Here are some additional 2020 policy priorities:
SEIA is sponsoring the “Path to 100 Act,” a bill that increases Illinois’s renewable portfolio standards and provides the funding to support this goal. The act supports new development of residential, commercial and community solar through the existing Adjustable Block Program and utility-scale solar and wind procurement, according to Gallagher.
Gallagher said SEIA is working with a coalition of solar and renewable advocates to advance clean energy legislation that supports both utility-scale and distributed generation solar and storage in Virginia, consistent with the executive order that Governor Ralph Northam issued in September 2019.
NYSERDA submitted a petition requesting authority to fund NY-Sun, the state’s solar incentive program, through 2025. If approved, this investment will help New York reach the 6,000-MW goal set by the Climate Leadership and Community Protection Act. SEIA will voice support for this expansion, Gallagher said.
The New Jersey Board of Public Utilities will finalize a transition program for its rooftop solar incentive program. The Transition Renewable Energy Certificates (TREC) program will provide certainty to the New Jersey market at a reduced cost to customers while the state develops its SREC successor program, according to Gallagher.
The Texas solar industry is poised for significant growth with gigawatts of new installations expected in 2020, according to Charlie Hemmeline, executive director of the Texas Solar Power Association.
The group’s primary policy objective this year is to “do no harm” — with the Texas legislature out of session until 2021, the industry will participate in interim hearings and regulatory proceedings to ensure that Texas remains a robust market for continued solar investment, Hemmeline said.
The impressive growth of the utility-scale solar market in North Carolina has stalled recently, dropping the state from second behind California in number of megawatts of solar interconnected to further down the list.
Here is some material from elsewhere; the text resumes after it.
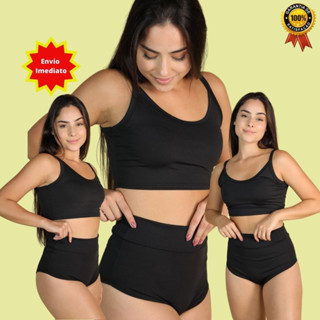 Hot Pants Biquini Shorts Cintura Alta Carnaval Preto Top Alcinha Moda Blogueira Gringa Confortável Verão Praia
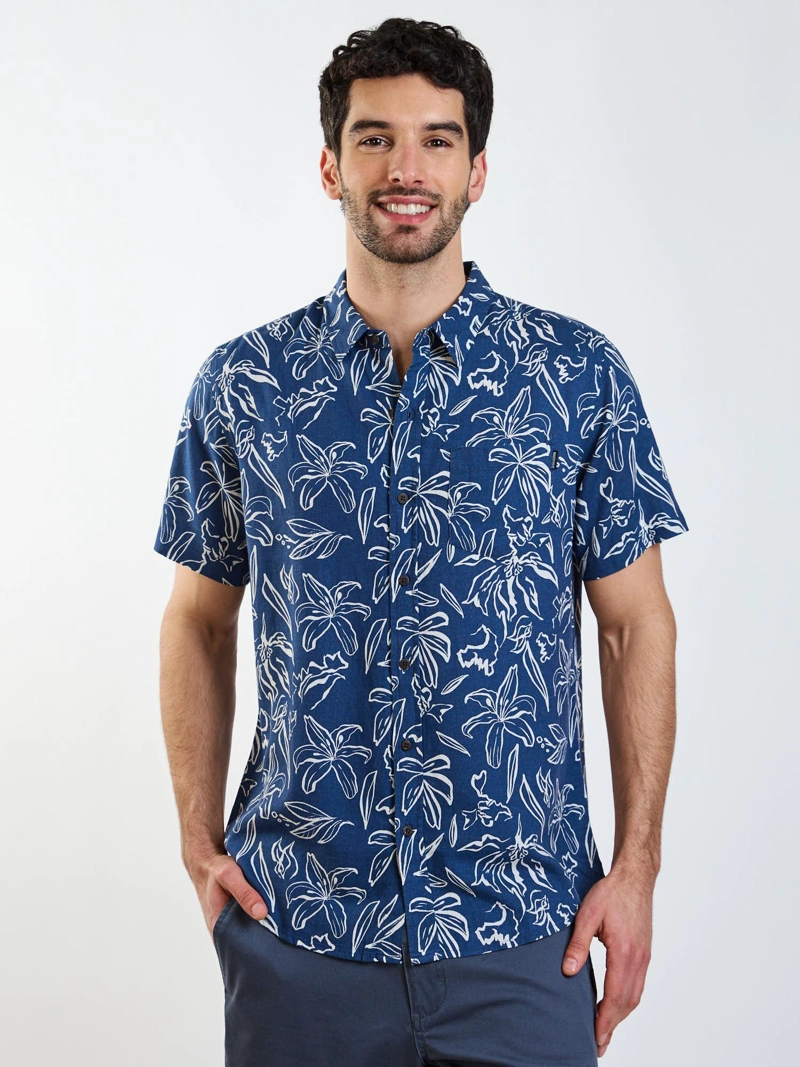 CAMISA MC HOKU AZUL HOMBRE MAUI AND SONS - 1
The NC Sustainable Energy Association (NCSEA) plans to look into the cause in 2020.
“We want to look at some of the programs that we have in place and see if we can regain our No. 2 standing,” said Peter Ledford, general counsel for NCSEA.
NCSEA also plans to address a major roadblock to more rooftop solar procurement in the state in the coming year — HOA restrictions.
“We think there are some reforms that are necessary to the current paradigm that we have that lets them effectively prohibit rooftop solar,” Ledford said.
Ledford also said Duke Energy’s solar rebate program fills far too quickly, so the megawatt cap should be increased.
“The dollar-per-watt rebate could be lowered but the megawatts expanded, keeping the overall cost the same for the rebate program,” he said.